No smoking gun for August rate cut

Investors anticipating a cut in Australia’s official cash rate to 2.5 per cent next month look set for disappointment.

The minutes of the Reserve Bank of Australia’s 2 July Board meeting suggest a central bank happy with its current policy settings, rather than itching to provide another dollop of stimulus to the economy.

Speculation about a rate cut took flight last week when official figures showed the unemployment rate edged up to 5.7 per cent in June.

Market expectations of an August rate cut had already been edging higher before the labour market update was released, but the 0.1 percentage point rise in the jobless rate was enough to convince several commentators, and more than a few investors, that the case for further monetary policy easing had been made.

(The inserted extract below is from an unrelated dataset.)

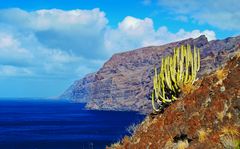 Los Gigantes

But the RBA Board Minutes released today should give all some pause for thought.

They show that the central bank had anticipated that softness in the labour market could see the unemployment rate move higher.

Looking beyond the monthly volatility in the jobs numbers, the RBA saw that annual employment growth – at a little more than 1 per cent – was not enough to keep the jobless rate down.

It noted that leading indicators pointed to only modest employment growth in coming months, suggesting that the “gradual upward trend” of unemployment observed in the past year was likely to continue.

The Minutes included to other important signals that show the Reserve Bank is still some way from being convinced of the need for a further rate cut.

Yes, domestic economic growth is below average, and yes, the mining investment boom has probably peaked, and yes, consumption growth has been modest, and yes, the outlook for non-mining investment is uncertain.

But the central bank thinks the housing market is gradually building momentum, and that the recent 12 per cent depreciation in the Australian dollar has both helped offset the fall in global commodity prices for Australian miners and given a boost to exporters. Added to this, inflation pressures remain contained and labour costs have actually declined.

All in all, the RBA sees little need for haste in adjusting monetary policy, as the following excerpt from the Minutes attests: “The effects of lower interest rates were apparent across a range of indicators and, given the lags involve din the transmission of monetary policy, this process has further to run.”

The central bank sees the floating exchange rate as doing at least some of the policy work for it. The Minutes said “it was possible that the exchange rate would depreciate further [it has, dipping briefly below US90 cents earlier this week], which would help foster a rebalancing of growth in the economy”.

For the benefit of those not yet convinced that a rate cut is not imminent, the Minutes added “given the exchange rate adjustment that was occurring, and with the substantial degree of monetary policy stimulus already in place, members assessed that the current stance of policy to be appropriate for the time being”.

For those looking for the smoking gun on monetary policy, the unemployment rate is not it, and nor is the drop off in mining industry investment.

What is most likely to make the RBA move again is a sustained relapse in housing activity, a reversal in the US economic recovery or a much harder than expected landing for the Chinese economy.